The difference between a piped and jetted motor with optimised* porting could be as much as 5hp.
*Optimised porting only reworks the standard layout; traditional porting (enlarging and reshaping of the ports) could yield much higher gains but needs to be carried out by a professional and will greatly increase the maintenance schedule of the engine, something not necessarily practical for a street bike. NSR-WORLD.COM can offer port optimisation and porting through the Performance section.
Often overlooked, the clutch plays an extremely important role transmitting the drive from the engine to the rear wheel. Upgrading it is a simple task! The obvious upgrade for an R model is to exchange the whole 'wet' assembly for a dry clutch from an SE or SP*.
For the SE/SP models, and even more simple upgrade is available! Simply exchange the 2mm steel plate (part 10) closest to the engine with a 2.9mm plate (part 9) as used throughout the rest of the assembly. Using the thicker plate effectively preloads the clutch springs, rising their 'rate' in the same way adjusting preload does on suspension!! HRC has not specified uprated clutch springs since the F3 MC18 and many race bikes use stock springs still. Jha and EBC both list uprated springs if you still feel they are required. Although staff have used both Jha and EBC springs in the past, the Jha variants are preferred as the EBC gave a very heavy action at the lever.

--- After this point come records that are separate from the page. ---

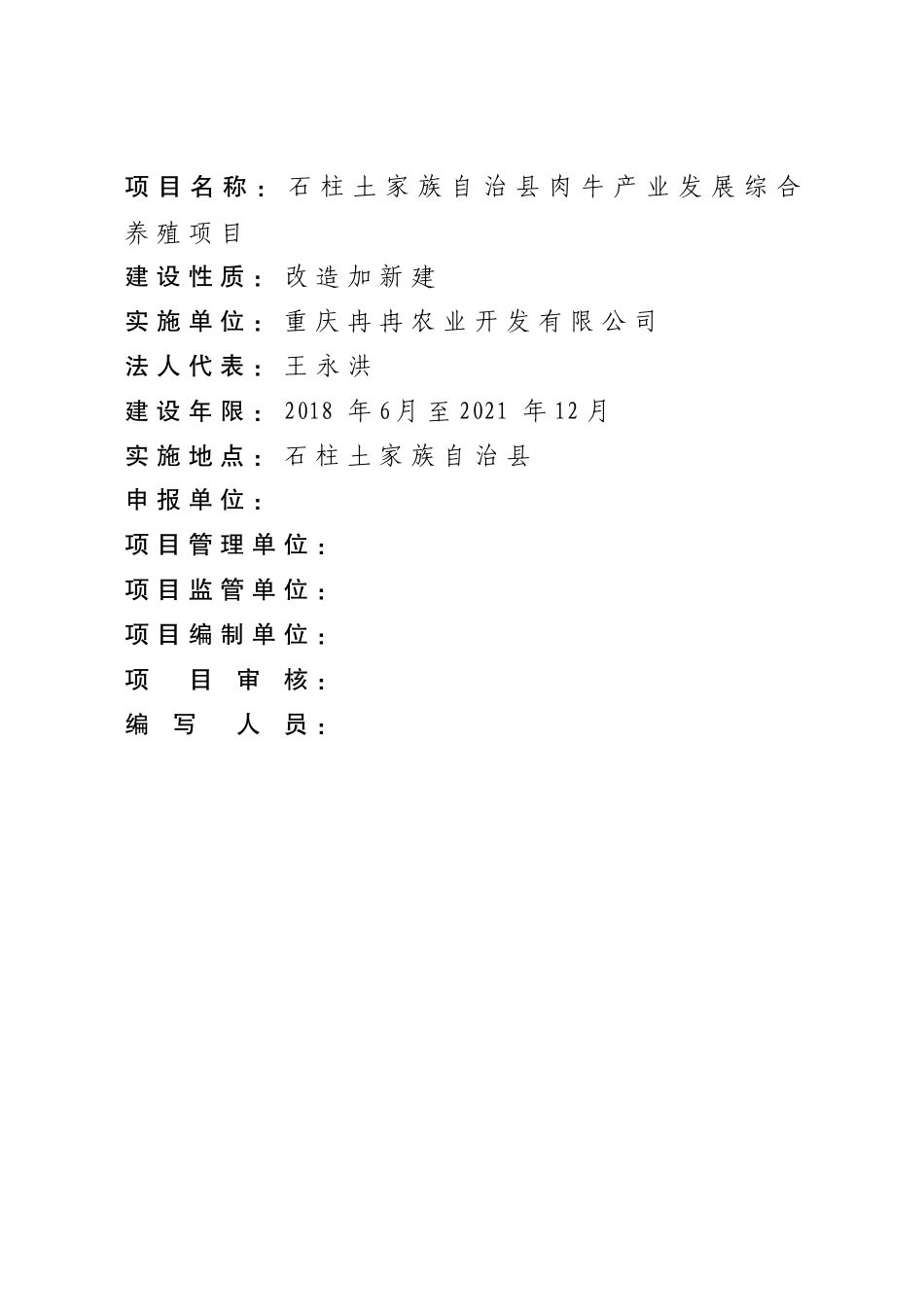 石柱土家族自治县肉牛产业发展综合养殖项目_第3页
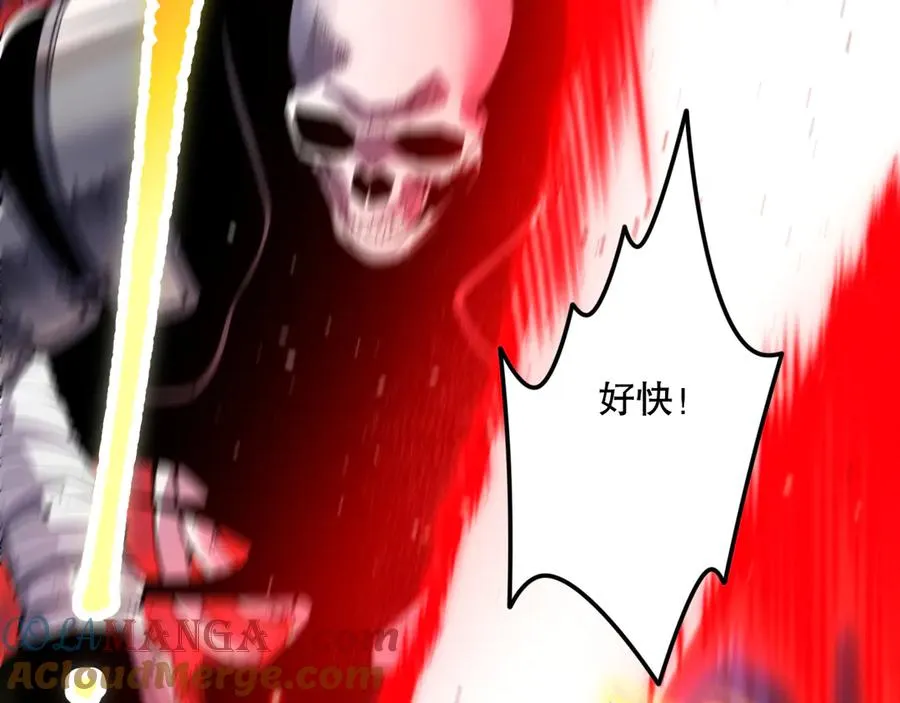第073话 单挑神剑士48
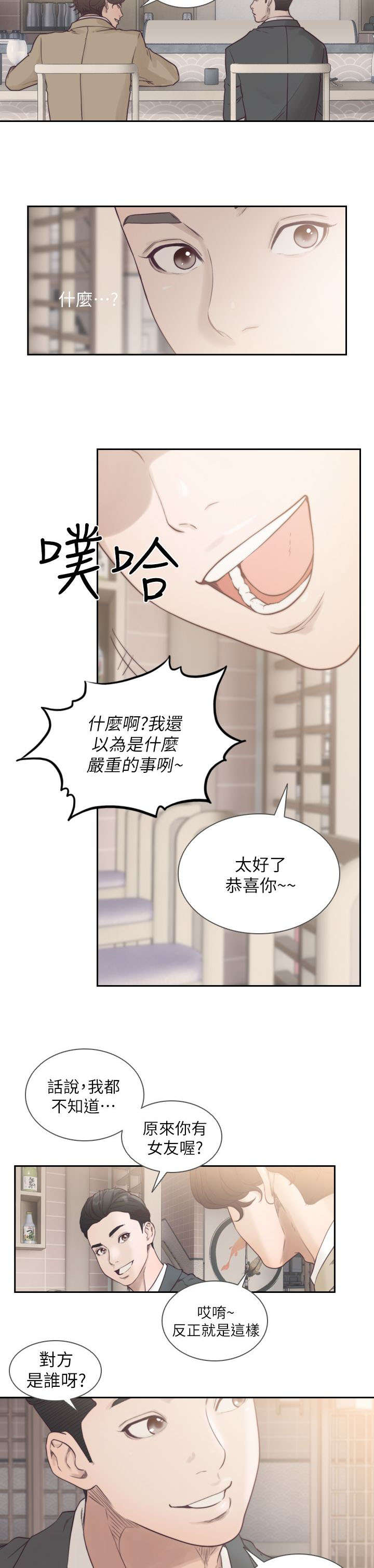 前任与我免费漫画,第3章：重逢2图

*Some riders and racers to prefer the 'feel' of a wet clutch to a dry one, this is entirely personal preference; in our opinion the dry clutch is a better system. The benefit of the dry clutch is the ease of changing worn components without the need to drain the transmission oil, and as the plates wear, the resulting debris does not contaminate the oil either.
The F3 transmission is effectively a pre 1993 HRC RS250 unit that slots straight into the NSR's casing! As well as the longer 1st gear, giving much closer ratios throughout the rest of the 'box, the gears are undercut for closer, more accurate meshing. There is also a huge range of ratios available to suit any type of track or state of tune. More information on the fitting of the RS gear clusters will appear here soon.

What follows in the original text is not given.